What you have to do: Copy out exactly the stretch of the listing below that begins at the line containing "Professional beautician applying" and ends at the line containing "man making woman laugh", and copy nothing outside it.

Source material:
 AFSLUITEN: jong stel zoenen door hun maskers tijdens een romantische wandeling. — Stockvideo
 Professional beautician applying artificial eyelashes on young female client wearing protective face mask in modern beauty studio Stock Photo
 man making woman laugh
--
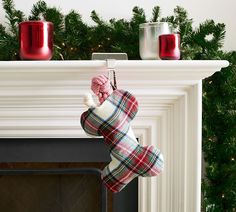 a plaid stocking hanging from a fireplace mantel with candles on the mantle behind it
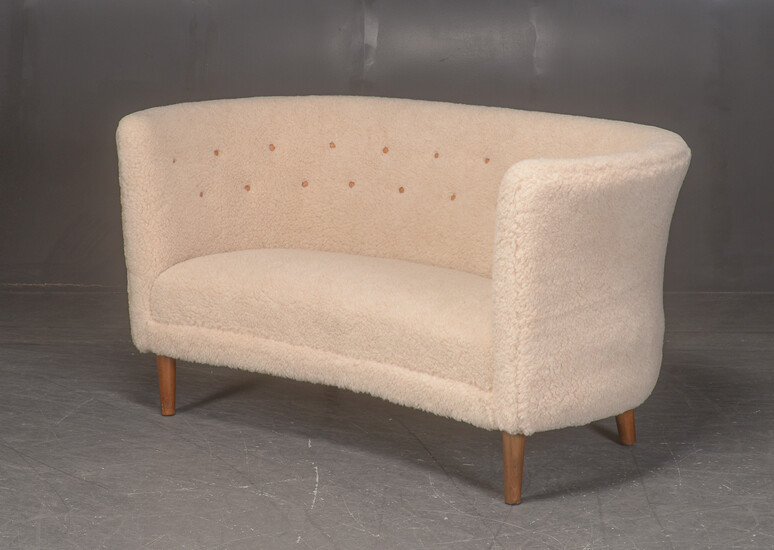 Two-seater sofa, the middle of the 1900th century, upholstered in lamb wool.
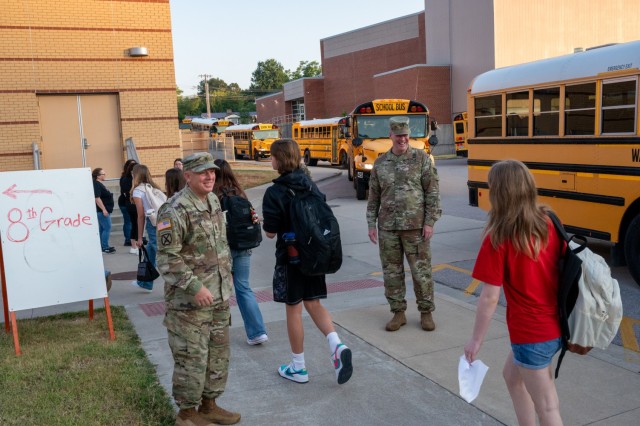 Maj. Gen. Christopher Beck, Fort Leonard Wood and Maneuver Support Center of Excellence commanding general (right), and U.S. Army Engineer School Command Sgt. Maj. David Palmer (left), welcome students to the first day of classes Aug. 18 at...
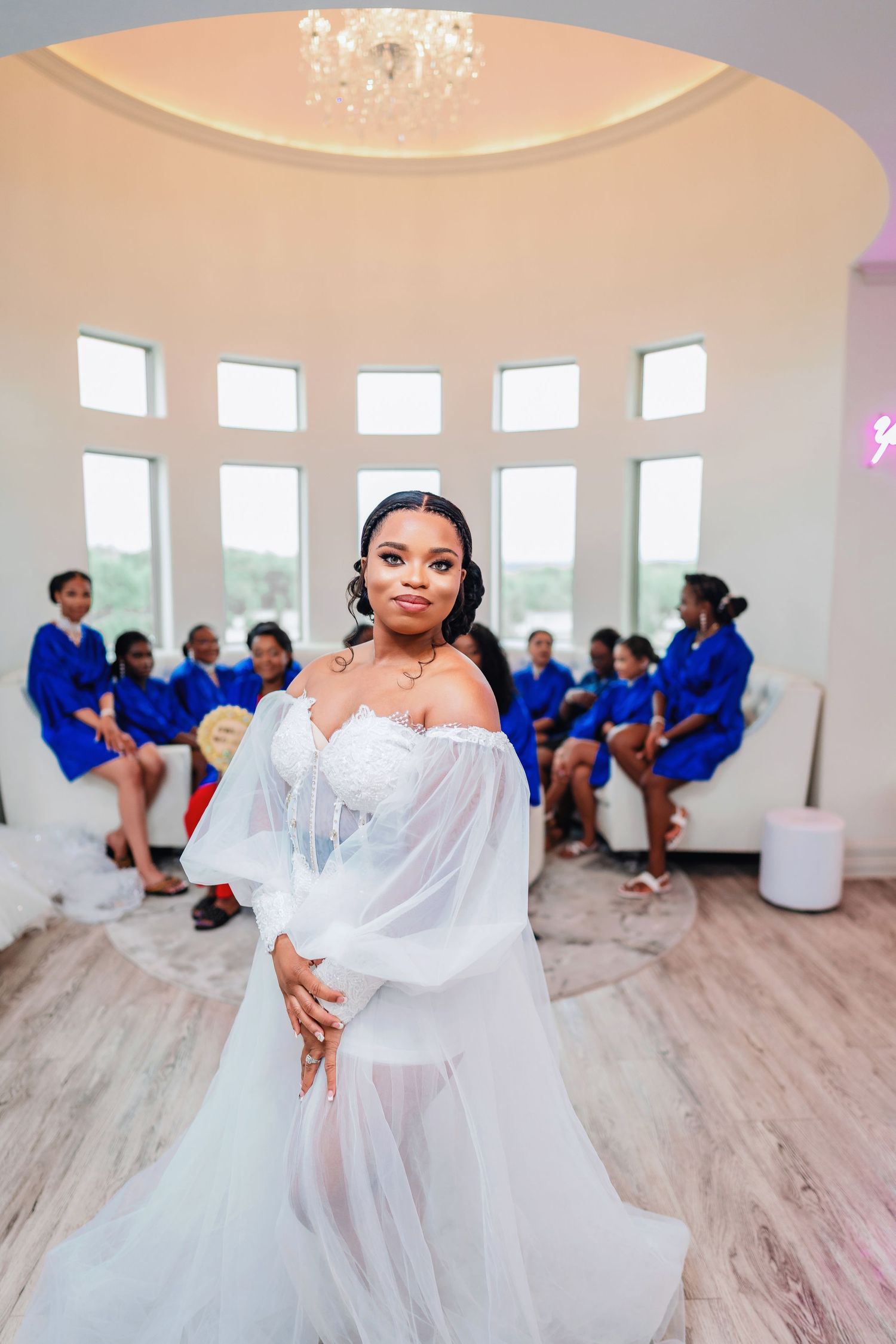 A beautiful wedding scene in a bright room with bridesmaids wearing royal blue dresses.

Solution to this problem:
 Professional beautician applying artificial eyelashes on young female client wearing protective face mask in modern beauty studio Stock Photo
 man making woman laugh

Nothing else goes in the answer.